This attracted envy and resentment, eventually leading to his downfall. The son of a merchant, he rose to become minister of finance to King Charles VII , controller of mines and master of the Royal Mint. His palace in Bourges, with its hints of secrecy and symbols of the trade with the East that was one of the foundations of his success, is his autobiography in stone. The novel’s title alludes to the suggestion that he was an alchemist, although the author, in her endnotes, wonders whether Coeur might have belonged to a society of early Freemasons.

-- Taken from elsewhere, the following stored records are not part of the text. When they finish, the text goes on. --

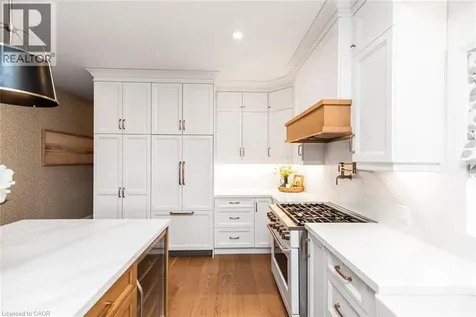253 Central Avenue Grimsby ON L3M 1X6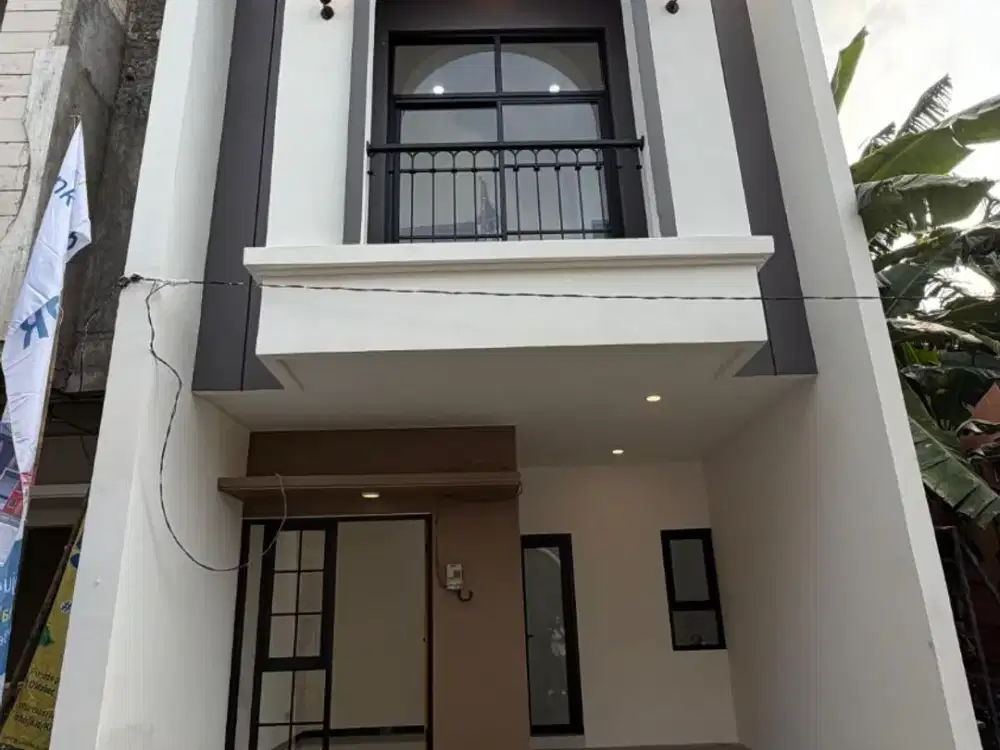 READY RUMAH 2 LANTAI MINIMALIS MODERN TENGAH KOTA,MAYJEND SUNGKONO
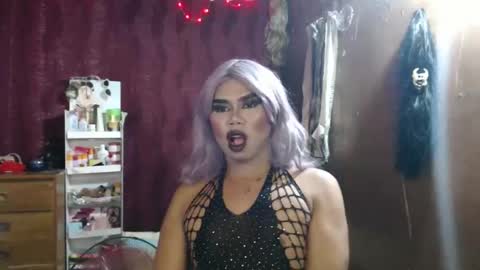 Snapshot of queenpinayebony_xx chatting on April 10, 2026, 11:04 am queenpinayebony_xx online show from April 10, 2026, 11:04 am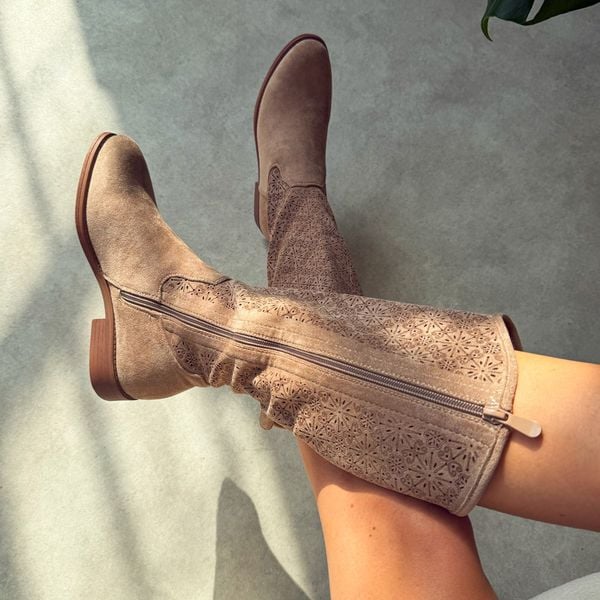 Beżowe jesienne ażurowe kozaki damskie S.Barski 534. Brązowe kozaki S.BARSKI, na jesień, w ażurowe wzory, z zamszu, eleganckie, bez obcasa, na obcasie, bez zapięcia. Za 249.00 zł.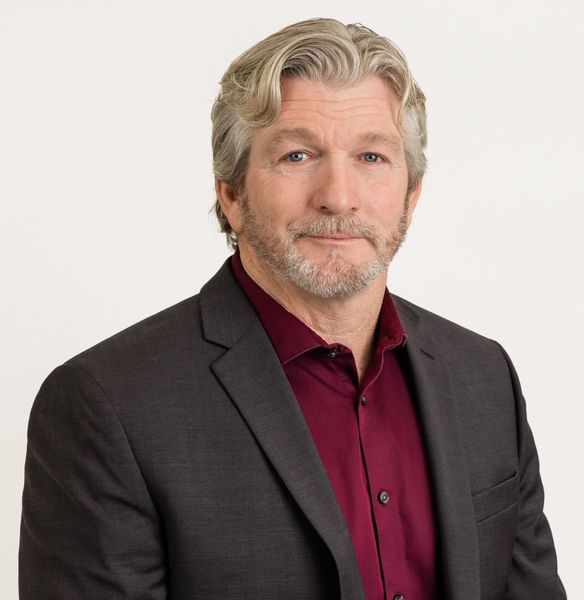 Military Friendly REALTOR Robert Ellis Military Town Advisor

He lent vast sums of money, profited from those in debt to him, and was eventually arrested, accused of poisoning the King’s mistress, Agnès Sorel. He was imprisoned and his assets seized. After three years of incarceration, a daring rescue saw him smuggled out of the country. He died on Chios in 1456.
Princess Michael of Kent’s enthusiasm and her dedication to historical research are evident. To sum up a complex mosaic of 15th-century French history in one coherent and compelling narrative is no mean challenge, but one she has tackled admirably.
Philippa Scott

Historian and novelist Kate Williams draws expertly on mysterious, flawed characters coming of age in a displaced world in this gripping period novel, set in the aftermath of the First World War. The de Witt family struggle to cope with the death of their second son. Their home, Stoneythorpe Hall, is a reminder of a bygone age, and they cannot fathom this new, post-war world order.
Desperate to escape, their youngest daughter Celia is sent to finishing school in Paris with her cousin, Louisa. But Louisa falls in love with the de Witts’ oldest son, a troubled young man with ulterior motives who takes her to London.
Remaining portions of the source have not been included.